Mario Alberto Carrera
Uso la hoja de papel (que podría ser “la hoja en blanco”) para escribir a mano –cuando sospecho que lo que pugna por salir no cuaja bien- y la computadora –que para mí es sobre todo una máquina de escribir- cuando estoy casi seguro de que el texto que debo publicar está en camino y de facto. Pero ésta confesión tan fácil y tan llana -y sin que aparente martirio o padecimiento- debo asimismo decir que, tras muchos años de escribir columnas ¡muchos ya!, “la hoja en blanco” sigue siendo una tortura -casi un martirio- cuando la palabra queda emboscada y no fluye como el agua borboteante de un torrente.
Escribir es casi siempre un hecho donde convergen opuestas direcciones e inquietudes. Es un placer el texto finalizado, acabado, a gusto. Verlo de cuerpo entero con apartados o parágrafos vibrantes de plenitud y variopintas expresiones emotivas. Un “ser” en toda forma, en toda su magnífica y razonadora emoción.
Pero -en otras ocasiones- el artículo o el capítulo narrativo se oscurecen, caen en un fondo oscuro de aparente no resarcimiento. Bellísima expresión (aunque doliente) lo de quedar verbalmente en una trampa porque así es: una trampa de palabras en que todo queda ensombrecido o mudo. La palabra o el enunciado o el término no acuden como quisiéramos a la mente y la pluma no corre sobre el papel, o los dedos quedan mudos sobre el teclado siempre dispuesto al movimiento.
La trampa terminológica -al no resolverse y liberar- no deviene placer alguno sino tortura y congoja. Y es cuando desesperados pensamos que cada línea es un tormento, un sufrimiento, una congoja. Esto ocurre –hay que subrayar- cuando tenemos una verdadera conciencia de la tarea verbal, del privilegio de escribir y es como cuando –en un nigérrimo relámpago- planteo la duda de para qué escribir si es mucho más fácil hablar, sobre todo también sin respetar las maneras.
Es allí, y así, cuando nos damos cuenta de lo falaz que resulta decir “que para escribir bien hay que escribir o redactar como se habla”. Hubo aquí un filólogo –y profesor de esta materia, para más descripción de origen español- que sostenía ese fraude, esa letal ficción ante la cual yo siempre he sostenido y sostengo que muy rara vez se logra tal epifanía: la de que lo escrito vea la luz tan fácilmente como cuando hablamos ¿o es más bien un parto de aflicciones?
Cuando hablamos cometemos errores y fallas sin número empezando con el repetir una o la misma palabra muy cercanamente. Y no pasa nada. Cuando escribimos -para cometer el grave pecado de publicar- tratamos de que algo tan común en la oralidad (la pobreza de vocabulario en la repetición) no se presente ramplona en la escritura.
Cuando hablamos empleamos mal los tiempos verbales o decimos una palabra cuando en realidad quisiéramos haber dicho otra, rindiendo culto a la asociación de ideas que proclamó Freud como acto fallido.
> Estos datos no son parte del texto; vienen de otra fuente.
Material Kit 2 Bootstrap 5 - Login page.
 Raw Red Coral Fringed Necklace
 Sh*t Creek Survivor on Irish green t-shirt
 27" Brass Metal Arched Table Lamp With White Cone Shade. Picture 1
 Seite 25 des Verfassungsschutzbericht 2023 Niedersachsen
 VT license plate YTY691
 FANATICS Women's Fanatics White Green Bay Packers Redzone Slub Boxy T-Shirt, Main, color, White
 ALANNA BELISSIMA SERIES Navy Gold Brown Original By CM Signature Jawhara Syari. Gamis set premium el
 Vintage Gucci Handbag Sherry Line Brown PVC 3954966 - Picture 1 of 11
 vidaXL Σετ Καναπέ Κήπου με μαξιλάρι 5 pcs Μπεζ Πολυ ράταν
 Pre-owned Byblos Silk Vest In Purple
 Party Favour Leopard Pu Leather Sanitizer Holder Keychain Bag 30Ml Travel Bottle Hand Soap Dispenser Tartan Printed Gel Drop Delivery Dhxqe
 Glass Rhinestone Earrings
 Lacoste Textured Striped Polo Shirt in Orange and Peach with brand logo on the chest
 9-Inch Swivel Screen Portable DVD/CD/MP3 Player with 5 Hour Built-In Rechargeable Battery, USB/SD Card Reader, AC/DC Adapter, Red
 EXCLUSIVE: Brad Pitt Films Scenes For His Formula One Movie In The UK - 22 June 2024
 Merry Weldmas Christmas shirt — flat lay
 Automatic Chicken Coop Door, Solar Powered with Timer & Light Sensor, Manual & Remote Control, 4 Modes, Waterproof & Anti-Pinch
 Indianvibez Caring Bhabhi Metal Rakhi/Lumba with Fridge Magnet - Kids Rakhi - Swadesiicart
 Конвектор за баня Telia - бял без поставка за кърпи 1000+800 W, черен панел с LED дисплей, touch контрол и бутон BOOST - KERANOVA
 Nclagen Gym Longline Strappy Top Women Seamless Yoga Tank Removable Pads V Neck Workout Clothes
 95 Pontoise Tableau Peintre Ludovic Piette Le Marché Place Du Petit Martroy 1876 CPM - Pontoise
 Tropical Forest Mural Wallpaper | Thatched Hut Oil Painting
La pronunciación ¡no se diga!, es también causa de yerros -sobre todo si somos caribeños o andaluces. En fin, que es un milagro que la comunicación oral se produzca -con tal cantidad de canales a la disposición- en un comunicarse que, en algunos casos o en muchos, resulta babélico.
Aun en la forma más sencilla de la escritura –el periodismo- encontramos constantes fallas, desaciertos y naufragios gramaticales. ¿Cómo sería si el periodista en vez de publicar acudiera a la comunicación verbal transformándose exclusivamente en emisor verbal? Sería un galimatías. Y tal pasa en la radiodifusión.
Pero fue “la hoja en blanco” o la pantalla nívea las causantes de que empezara esta disquisición caótica, este ensayito sobre la tortura que es cuando lo que queremos escribir se nos entrampa y no fluye.
Hablar digamos que es lo normal y escribir lo “anormal” o anómalo y artificial. La mitad o la tercera parte de los habitantes de Guatemala no lo realizan nunca en su vida y a veces asciende esta suma a mucho más del 50 por ciento en áreas donde asimismo la población indígena es muy alta y menos torturada por la imponderable cultura de Occidente.
La literatura angustia es
La palabra no salta al papel o a la pantalla como la ola lo hace en mares procelosos. A veces se atora o se entrampa y entonces -o hasta entonces- sabemos y nos damos acongojada cuenta que escribir y angustia son lo mismo. Y que tortura y literatura son una coyunda donde el divorcio no existe y donde tal pareja fatal no se separa jamás sino en los umbrales de la muerte donde acaba toda emoción tormentosa.